## Records provided
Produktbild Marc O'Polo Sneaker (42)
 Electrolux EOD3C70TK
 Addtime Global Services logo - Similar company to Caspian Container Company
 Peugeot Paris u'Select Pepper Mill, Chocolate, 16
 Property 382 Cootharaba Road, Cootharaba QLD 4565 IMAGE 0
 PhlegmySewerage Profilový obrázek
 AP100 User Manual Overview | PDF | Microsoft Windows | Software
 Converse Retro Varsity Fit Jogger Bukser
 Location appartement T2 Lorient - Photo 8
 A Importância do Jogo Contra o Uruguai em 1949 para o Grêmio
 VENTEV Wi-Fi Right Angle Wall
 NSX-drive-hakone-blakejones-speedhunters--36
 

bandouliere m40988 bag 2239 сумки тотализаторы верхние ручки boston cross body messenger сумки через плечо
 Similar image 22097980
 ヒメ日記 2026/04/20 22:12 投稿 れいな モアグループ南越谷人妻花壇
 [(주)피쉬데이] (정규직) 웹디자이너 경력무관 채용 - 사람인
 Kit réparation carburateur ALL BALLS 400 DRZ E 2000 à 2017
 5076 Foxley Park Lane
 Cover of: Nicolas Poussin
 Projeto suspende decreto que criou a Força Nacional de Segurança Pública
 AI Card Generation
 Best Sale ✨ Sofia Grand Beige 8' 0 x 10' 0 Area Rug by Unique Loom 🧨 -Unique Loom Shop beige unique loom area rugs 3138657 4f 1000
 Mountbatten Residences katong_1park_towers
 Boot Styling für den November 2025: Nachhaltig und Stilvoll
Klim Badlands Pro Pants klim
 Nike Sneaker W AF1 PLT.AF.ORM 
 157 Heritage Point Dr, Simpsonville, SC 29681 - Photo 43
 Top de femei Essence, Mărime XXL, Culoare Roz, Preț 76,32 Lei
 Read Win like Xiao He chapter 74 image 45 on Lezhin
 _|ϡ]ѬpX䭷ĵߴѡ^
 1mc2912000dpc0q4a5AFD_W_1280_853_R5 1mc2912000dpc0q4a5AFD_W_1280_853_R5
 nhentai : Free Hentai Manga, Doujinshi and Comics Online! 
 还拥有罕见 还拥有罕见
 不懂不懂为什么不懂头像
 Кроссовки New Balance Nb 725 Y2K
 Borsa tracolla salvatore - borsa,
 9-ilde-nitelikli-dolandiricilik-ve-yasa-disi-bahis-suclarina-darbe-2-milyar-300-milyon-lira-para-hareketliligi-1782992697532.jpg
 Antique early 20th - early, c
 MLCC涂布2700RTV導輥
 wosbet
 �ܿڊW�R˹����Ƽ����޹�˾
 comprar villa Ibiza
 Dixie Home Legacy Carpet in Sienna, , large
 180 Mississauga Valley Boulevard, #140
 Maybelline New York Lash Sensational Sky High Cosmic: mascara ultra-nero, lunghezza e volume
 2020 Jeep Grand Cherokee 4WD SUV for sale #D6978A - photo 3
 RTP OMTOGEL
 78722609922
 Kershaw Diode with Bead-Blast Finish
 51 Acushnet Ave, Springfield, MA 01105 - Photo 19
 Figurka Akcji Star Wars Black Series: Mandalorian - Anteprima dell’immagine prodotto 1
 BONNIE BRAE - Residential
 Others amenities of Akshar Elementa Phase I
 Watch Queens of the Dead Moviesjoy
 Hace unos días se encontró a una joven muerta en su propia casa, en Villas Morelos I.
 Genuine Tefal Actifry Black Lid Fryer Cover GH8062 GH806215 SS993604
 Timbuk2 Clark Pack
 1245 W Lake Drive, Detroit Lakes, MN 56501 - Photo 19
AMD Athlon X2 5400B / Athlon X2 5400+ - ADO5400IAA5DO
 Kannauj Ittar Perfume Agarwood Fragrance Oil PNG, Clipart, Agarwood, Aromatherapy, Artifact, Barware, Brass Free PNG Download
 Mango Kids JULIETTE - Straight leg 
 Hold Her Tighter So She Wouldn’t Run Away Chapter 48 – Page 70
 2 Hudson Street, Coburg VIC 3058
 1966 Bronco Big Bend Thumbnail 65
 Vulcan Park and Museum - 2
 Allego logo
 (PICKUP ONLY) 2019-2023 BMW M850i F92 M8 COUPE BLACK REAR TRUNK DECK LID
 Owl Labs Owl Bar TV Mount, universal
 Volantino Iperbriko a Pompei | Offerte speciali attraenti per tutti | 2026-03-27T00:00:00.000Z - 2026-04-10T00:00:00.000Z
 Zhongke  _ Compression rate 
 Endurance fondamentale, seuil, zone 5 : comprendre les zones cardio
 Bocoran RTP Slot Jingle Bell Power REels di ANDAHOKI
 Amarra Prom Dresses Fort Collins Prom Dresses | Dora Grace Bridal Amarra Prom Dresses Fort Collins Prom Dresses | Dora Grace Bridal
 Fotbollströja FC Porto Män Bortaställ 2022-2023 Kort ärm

## Task directions
Among the records above, find the lines that contain "Grand" and copy every one.

## Response box
 Best Sale ✨ Sofia Grand Beige 8' 0 x 10' 0 Area Rug by Unique Loom 🧨 -Unique Loom Shop beige unique loom area rugs 3138657 4f 1000
 2020 Jeep Grand Cherokee 4WD SUV for sale #D6978A - photo 3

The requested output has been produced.